Here are the basic imports.

In [None]:
# This Python 3 environment comes with many helpful analytics libraries installed
# It is defined by the kaggle/python Docker image: https://github.com/kaggle/docker-python
# For example, here's several helpful packages to load

import numpy as np # linear algebra
import pandas as pd # data processing, CSV file I/O (e.g. pd.read_csv)
from bs4 import BeautifulSoup # for removing HTML tags
import re # removing punctuation and numbers
import nltk # removing stop words
import gensim # word vectors (word2vec)
import cython # speeding up training


# Input data files are available in the read-only "../input/" directory
# For example, running this (by clicking run or pressing Shift+Enter) will list all files under the input directory

import os
for dirname, _, filenames in os.walk('/kaggle/input'):
    for filename in filenames:
        print(os.path.join(dirname, filename))
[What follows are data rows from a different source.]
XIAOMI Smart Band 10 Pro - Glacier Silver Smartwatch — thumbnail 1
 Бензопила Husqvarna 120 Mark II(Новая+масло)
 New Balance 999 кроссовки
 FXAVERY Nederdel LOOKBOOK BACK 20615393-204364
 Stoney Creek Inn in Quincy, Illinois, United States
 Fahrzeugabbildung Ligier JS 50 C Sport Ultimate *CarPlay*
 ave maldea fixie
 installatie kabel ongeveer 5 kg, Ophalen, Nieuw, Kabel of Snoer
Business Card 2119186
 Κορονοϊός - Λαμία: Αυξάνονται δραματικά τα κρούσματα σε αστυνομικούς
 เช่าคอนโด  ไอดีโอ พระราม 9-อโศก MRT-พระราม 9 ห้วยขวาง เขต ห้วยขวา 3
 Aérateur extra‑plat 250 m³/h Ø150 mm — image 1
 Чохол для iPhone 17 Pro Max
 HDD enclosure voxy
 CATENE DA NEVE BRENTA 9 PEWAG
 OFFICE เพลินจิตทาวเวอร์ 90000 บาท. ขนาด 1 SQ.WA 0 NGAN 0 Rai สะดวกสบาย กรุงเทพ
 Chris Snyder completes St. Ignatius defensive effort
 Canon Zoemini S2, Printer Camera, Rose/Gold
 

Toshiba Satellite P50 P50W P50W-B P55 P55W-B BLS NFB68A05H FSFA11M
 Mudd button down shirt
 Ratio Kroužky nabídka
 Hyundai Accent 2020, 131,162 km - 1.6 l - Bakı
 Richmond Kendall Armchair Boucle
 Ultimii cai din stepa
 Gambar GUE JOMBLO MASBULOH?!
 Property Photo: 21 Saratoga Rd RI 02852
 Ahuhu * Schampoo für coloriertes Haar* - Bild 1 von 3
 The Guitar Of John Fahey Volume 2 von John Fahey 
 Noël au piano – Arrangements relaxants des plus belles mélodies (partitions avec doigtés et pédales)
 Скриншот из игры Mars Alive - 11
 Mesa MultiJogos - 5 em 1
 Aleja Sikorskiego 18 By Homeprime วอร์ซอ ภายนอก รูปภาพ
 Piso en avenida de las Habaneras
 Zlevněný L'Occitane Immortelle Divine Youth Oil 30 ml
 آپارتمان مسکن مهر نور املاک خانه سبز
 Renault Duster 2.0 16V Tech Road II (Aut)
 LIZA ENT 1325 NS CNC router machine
# You can write up to 20GB to the current directory (/kaggle/working/) that gets preserved as output when you create a version using "Save & Run All" 
# You can also write temporary files to /kaggle/temp/, but they won't be saved outside of the current session

## Data Imports
First, I'll import the required data.

In [None]:
# reading in the train and test data
train_data = pd.read_csv('../input/commonlitreadabilityprize/train.csv')
test_data = pd.read_csv('../input/commonlitreadabilityprize/test.csv')
print(train_data.shape, test_data.shape)
print(train_data["excerpt"][0])
train_data.head()

In [None]:
# splitting data (not using train_test_split since that would mess up the index)
X_train = train_data["excerpt"].iloc[:(train_data["excerpt"].size-200)]
X_val = train_data["excerpt"].iloc[(train_data["excerpt"].size-200):]
y_train = train_data["target"].iloc[:(train_data["target"].size-200)]
y_val = train_data["target"].iloc[(train_data["target"].size-200):]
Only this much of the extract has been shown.